The first optical characteristic value and the second optical characteristic value may each be measured for each of the plurality of display modules of the modular display device 1. The first optical characteristic value may be measured when each of the plurality of display modules is viewed in a first direction (e.g., a first direction D1 of FIG. 3), and the second optical characteristic value may be measured when each of the plurality of display modules is viewed in a second direction D2 (e.g., a second direction D2 of FIG. 3) different from the first direction.

For example, referring to FIG. 1, the difference value between the respective optical characteristic values (this may phrase may be abbreviated as “the difference value” herein) for each of the display modules 11, 12, 13, and 14 arranged along the first direction d1 may gradually change. For example, the difference value for each of the display modules 11, 12, 13, and 14 may gradually increase (or decrease) along the first direction d1. For example, the difference value for each of the display modules 11, 12, 13, and 14 may gradually increase (or decrease) and then decrease (or increase) along the first direction d1.
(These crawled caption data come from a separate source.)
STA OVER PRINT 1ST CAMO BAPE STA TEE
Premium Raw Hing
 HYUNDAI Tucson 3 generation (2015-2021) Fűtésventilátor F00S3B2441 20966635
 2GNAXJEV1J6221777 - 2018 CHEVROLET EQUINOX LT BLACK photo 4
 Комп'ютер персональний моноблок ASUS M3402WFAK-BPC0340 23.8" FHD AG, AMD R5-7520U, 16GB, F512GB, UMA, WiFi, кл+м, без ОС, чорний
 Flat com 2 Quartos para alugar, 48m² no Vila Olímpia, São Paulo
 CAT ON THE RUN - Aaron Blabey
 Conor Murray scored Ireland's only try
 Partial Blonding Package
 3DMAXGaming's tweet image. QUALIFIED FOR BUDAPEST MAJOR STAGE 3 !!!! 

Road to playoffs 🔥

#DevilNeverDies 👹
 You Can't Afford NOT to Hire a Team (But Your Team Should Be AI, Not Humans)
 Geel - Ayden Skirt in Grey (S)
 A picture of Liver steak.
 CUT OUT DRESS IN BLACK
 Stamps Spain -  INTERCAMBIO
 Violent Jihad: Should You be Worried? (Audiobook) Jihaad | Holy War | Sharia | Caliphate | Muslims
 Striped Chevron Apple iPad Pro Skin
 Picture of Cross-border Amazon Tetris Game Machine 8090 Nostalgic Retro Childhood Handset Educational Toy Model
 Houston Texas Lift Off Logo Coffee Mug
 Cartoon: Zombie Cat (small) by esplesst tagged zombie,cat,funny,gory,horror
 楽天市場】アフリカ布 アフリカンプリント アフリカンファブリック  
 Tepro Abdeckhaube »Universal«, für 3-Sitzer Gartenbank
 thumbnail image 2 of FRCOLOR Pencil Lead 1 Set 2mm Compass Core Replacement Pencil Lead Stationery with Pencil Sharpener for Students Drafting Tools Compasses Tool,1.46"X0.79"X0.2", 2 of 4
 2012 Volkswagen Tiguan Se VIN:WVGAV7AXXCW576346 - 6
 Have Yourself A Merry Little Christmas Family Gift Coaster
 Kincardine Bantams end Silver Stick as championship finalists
For example, the difference value for each of the display modules 21, 22, 23, and 24 arranged along the first direction d1 may gradually change. For example, the difference value for each of the display modules 21, 22, 23, and 24 may gradually increase (or decrease) along the first direction d1. For example, the difference value for each of the display modules 21, 22, 23, and 24 may gradually increase (or decrease) and then decrease (or increase) along the first direction d1.

For example, the difference value for each of the display modules 31, 32, 33, and 34 arranged along the first direction d1 may gradually change. For example, the difference value for each of the display modules 31, 32, 33, and 34 may gradually increase (or decrease) along the first direction d1. For example, the difference value for each of the display modules 31, 32, 33, and 34 may gradually increase (or decrease) and then decrease (or increase) along the first direction d1.

For example, the difference value for each of the display modules 41, 42, 43, and 44 arranged along the first direction d1 may gradually change. For example, the difference value for each of the display modules 41, 42, 43, and 44 may gradually increase (or decrease) along the first direction d1. In addition, in the first direction d1, the difference value of the display module 13 positioned between the display modules 12 and 14 may be greater than the difference value of the display module 12 and less than the difference value of the display module 14.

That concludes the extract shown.